The start of last year saw a rush of buy-to-let investors snapping up homes to beat a stamp duty hike for second home buyers which came into force on April 1 2016. This year, first-time buyers may find they have less competition from landlords.
But people taking their first step on the property ladder may have to stump up more cash than they would have done a year ago.
Rightmove, whose figures cover England and Wales, said the average asking price for a typical first-time buyer home in January was £188,612 - over £4,700 more than the typical asking price of £183,900 in January 2016.
Across England and Wales generally, the average price tag on homes of all sizes increased by 0.4% month-on-month in January, pushing it back over the £300,000 mark. In January, the average asking price was £300,245, up from £299,159 in December.
Rightmove said early indicators of buyer demand are generally "robust", with its website traffic up by 5% since Boxing Day compared with a year earlier.
Miles Shipside, director of Rightmove, said: "Those planning to buy their first home in 2017 have more choice of properties and less competition from other buyers than their counterparts a year ago...
"Some sellers of first-time-buyer properties may be being over-optimistic with their pricing, giving an opportunity for budget-strapped first-time buyers to negotiate, especially if they act now while there's still more choice available."
Looking across the country, East Anglia has seen the biggest jump in asking prices over the last year, with a 6.1% increase taking the average price to £332,088.
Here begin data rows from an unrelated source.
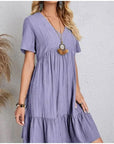 Helvano | Kurzarm-Sommerkleid für Damen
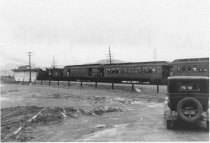 The last Northwestern Pacific train passing by Almonte Station, circa 1920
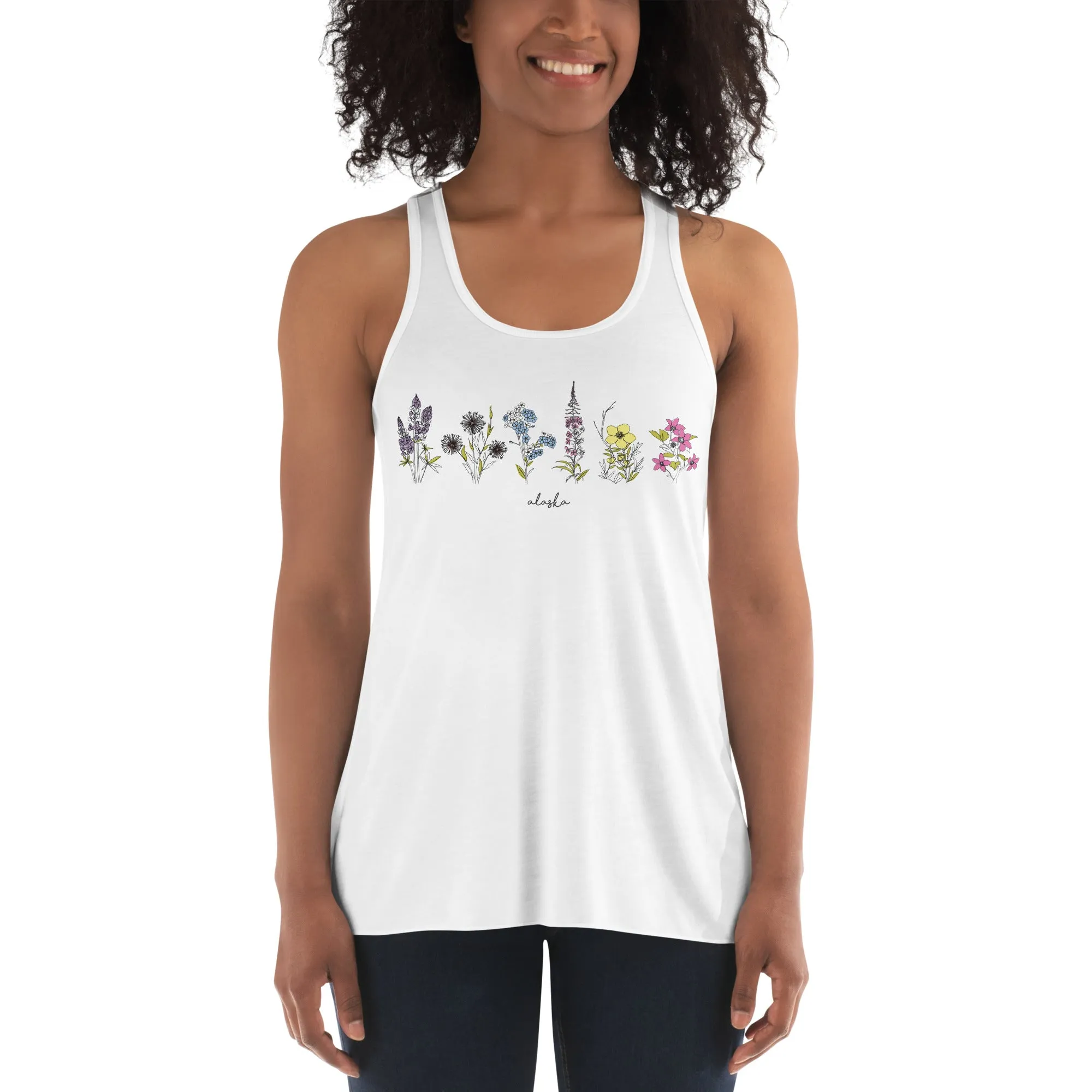 Alaska Wildflowers - Flowy Tank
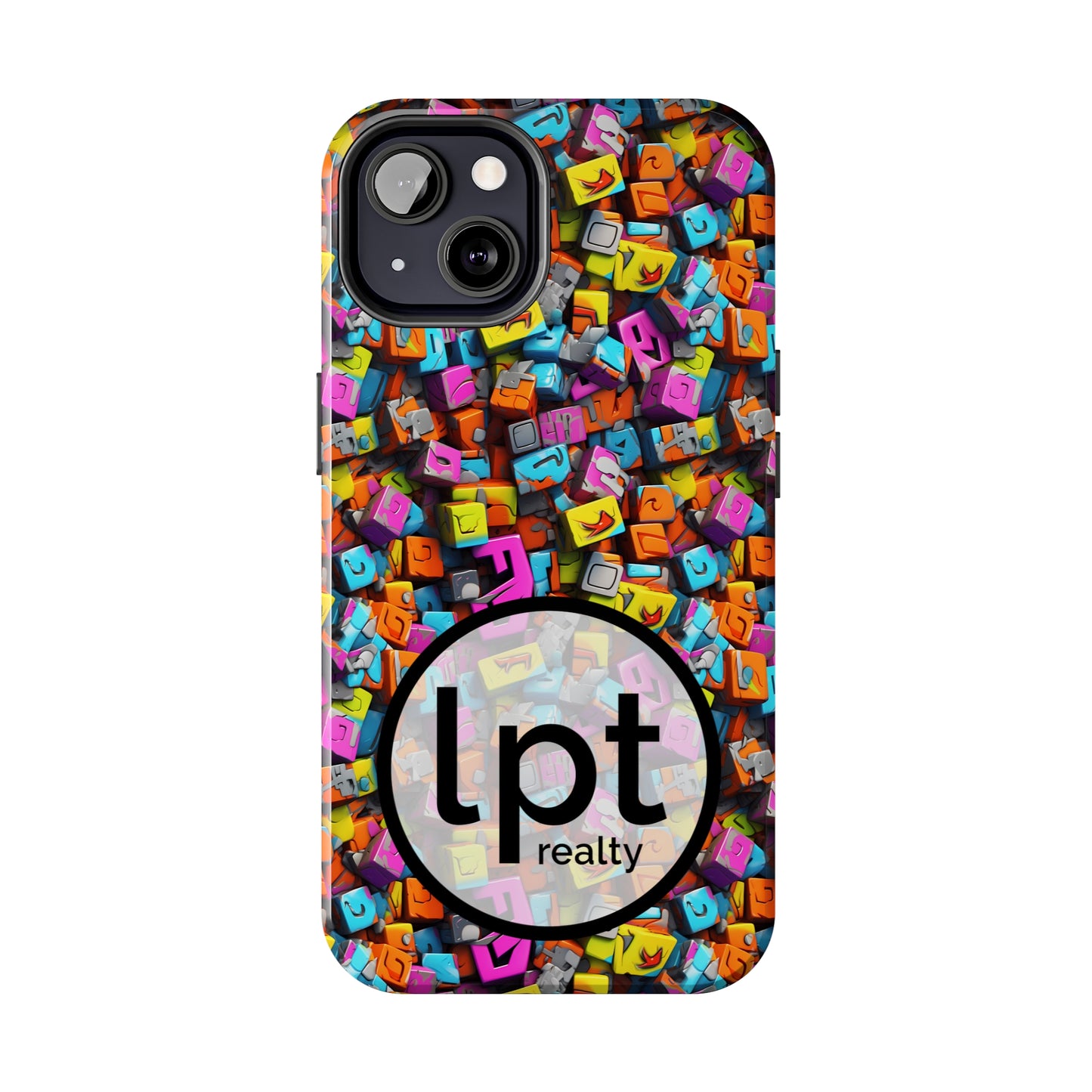 LPT Realty Logo -  3D Abstract Colorful Block Design Iphone Tough Phone Case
In two areas - Wales and the North East of England - sellers' asking prices are lower than a year ago. In Wales, asking prices fell by 1.1% annually to reach £164,291. In the North East of England, they fell by 1.7%, taking the average asking price to £139,527.
Rightmove also quoted the views of estate agents.
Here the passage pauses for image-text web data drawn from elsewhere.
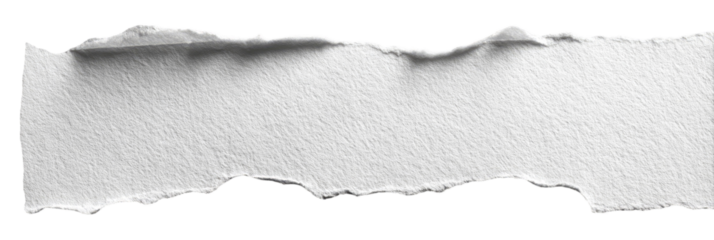 Ripped white paper strip against black background (1)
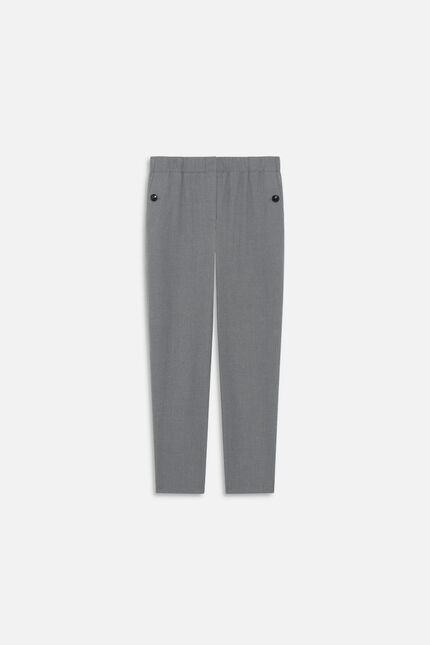 Pantalon prestance gris femme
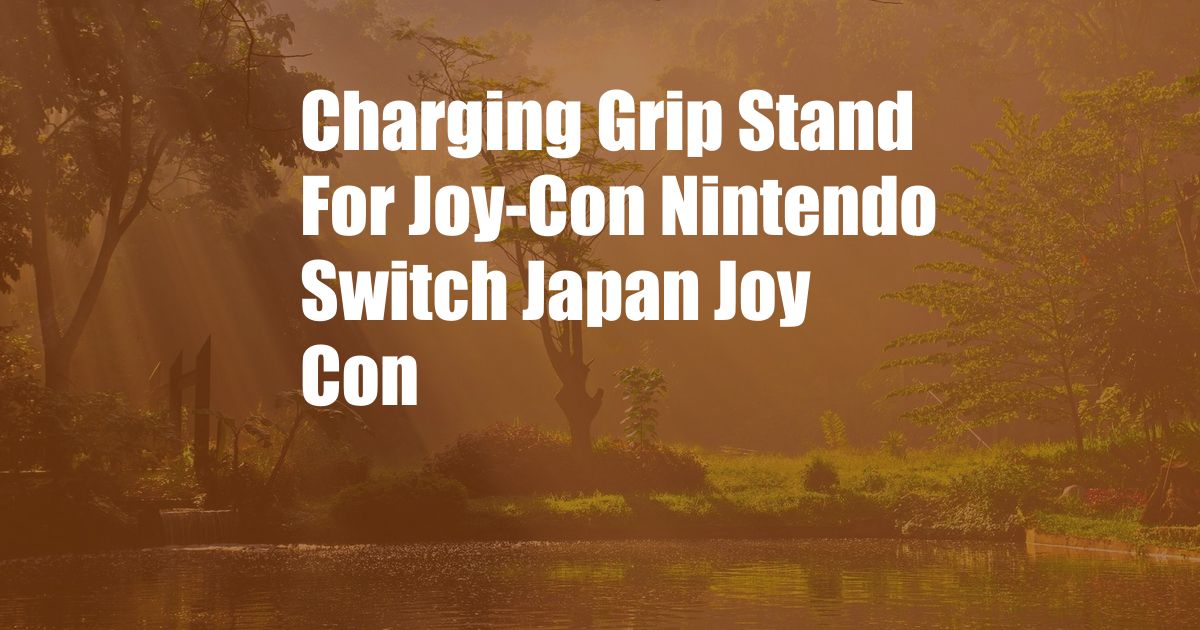 Charging Grip Stand For Joy-Con Nintendo Switch Japan Joy Con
Kevin Shaw, national sales director at estate agency Leaders, said: "It is clear that first-time buyers are outnumbering buy-to-let investors right now. We have seen an increasing number of one-bedroom apartments, which historically would attract first-time buyers and investors in equal numbers, snapped up by the former.
"This is largely because first-time buyers have had numerous offers accepted over the asking price so are obviously determined and able to secure these properties in the current market. Investors are understandably focused on the price as this drives the yield and generally do not want to get into a bidding war to secure these properties."
Mark Manning, director of Manning Stainton in Leeds, Harrogate, Wetherby and Wakefield said: "New seller inquiries are 26% up on the same time last year giving the strongest indication that we may see a slight ease in the lack of supply in the market.
"Now, this will be welcome news amongst first-time buyers who have registered in strong numbers and are waiting for much-needed new stock to come to market.
"Combine this with a comparative reduction in new investors and landlords of 32% over the last quarter compared to the same quarter a year ago and this may well be the year of the first-time buyer."